Your reply should reproduce each line below exactly and carry none of the pictures.

* Source data:
━━━━━━━━━━━━━━━━━━━━━━━━━━━━━━

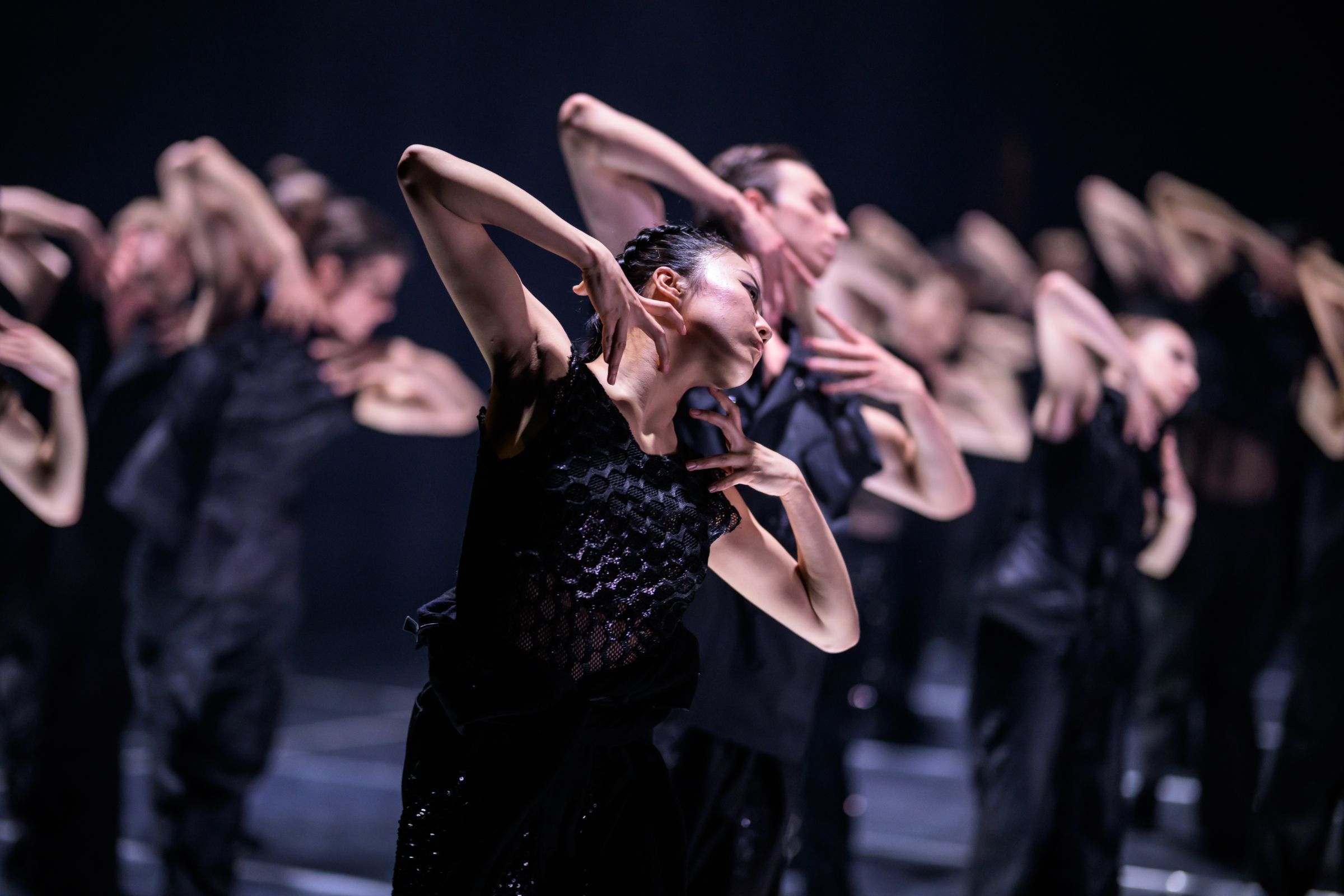 Czech National Ballet in Eyal Dadon's <i>Katastrof</i> &copy; Serghei Gherciu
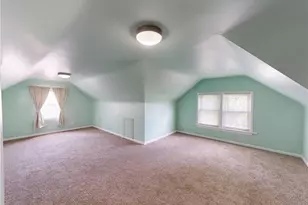 390 E 307th St, Willowick, OH 44095 - Photo 28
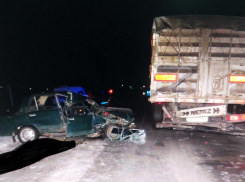 Труп водителя вывалился из жигулей, дети попали в больницу после ДТП под Волгоградом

━━━━━━━━━━━━━━━━━━━━━━━━━━━━━━

* Output:
 Czech National Ballet in Eyal Dadon's <i>Katastrof</i> &copy; Serghei Gherciu
 390 E 307th St, Willowick, OH 44095 - Photo 28
 Труп водителя вывалился из жигулей, дети попали в больницу после ДТП под Волгоградом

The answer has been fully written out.